2. Demand of service tax on reimbursement received from sister unit:
Service tax was demanded on the reimbursement received by the appellant from the sister unit for employees posted under Manpower Recruitment or Supply Agency service. The appellant argued that this activity did not fall under the said category based on legal precedents. The tribunal considered the appellant's argument and found the demand under Manpower Recruitment or Supply Agency service was not sustainable.

3. Demand of service tax on Management Consultancy Service:
A demand for service tax was confirmed on the appellant for providing Management Consultancy Service to the sister unit. The appellant contended that the demand was not sustainable as the actual payable amount was unknown, and they made a provision in their books of account. The tribunal noted that the major demand pertained to Management Consultancy Service and remanded the matter back to the adjudicating authority for further examination and verification.

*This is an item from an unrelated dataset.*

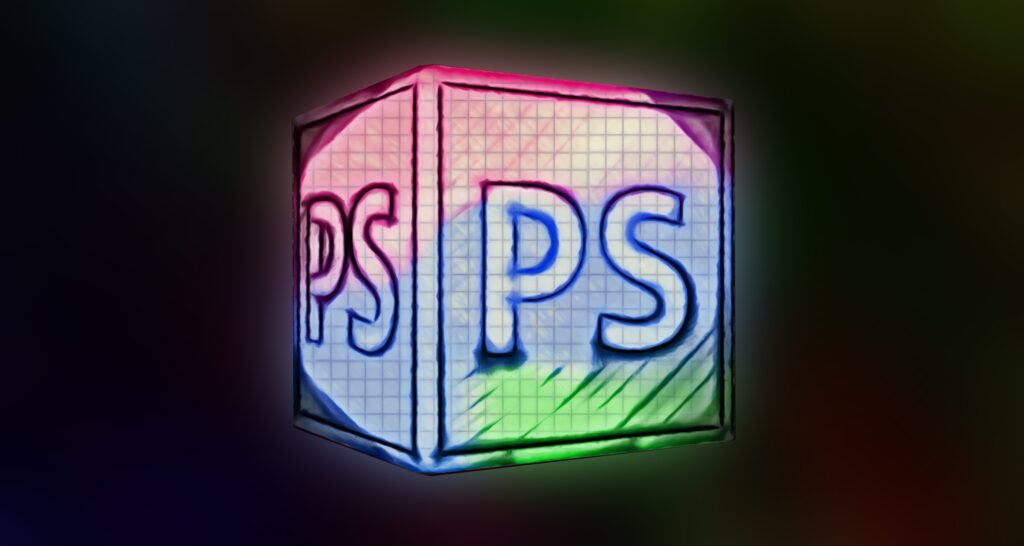 Futuristic PS Logo 3D Cube Wallpaper: Multicolored Design Background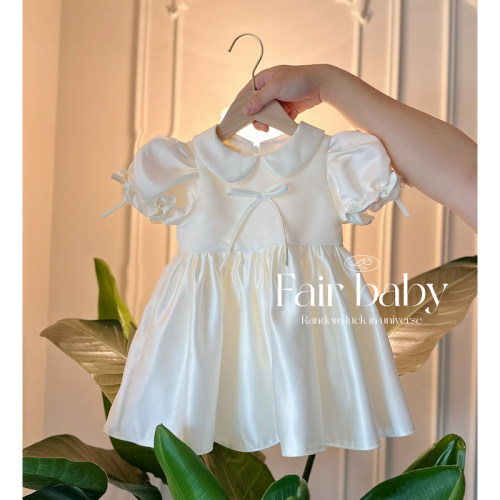 女宝宝一周岁生日儿童缎面礼服裙小女孩花童婚礼女童公主裙秋高端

4. Denial of cenvat credit:
The appellant's cenvat credit was denied due to the lack of produced invoices. The tribunal found that the denial of cenvat credit was not sustainable as the appellant was not given an opportunity to produce the invoices against which the credit was taken. The matter was remanded back to the adjudicating authority to allow the appellant to produce relevant documents and obtain verification reports.

In conclusion, the tribunal set aside the impugned order and remanded the matter back to the adjudicating authority for further examination and consideration based on the appellant's submissions. The appeal was allowed by way of remand, and the stay application was disposed of accordingly.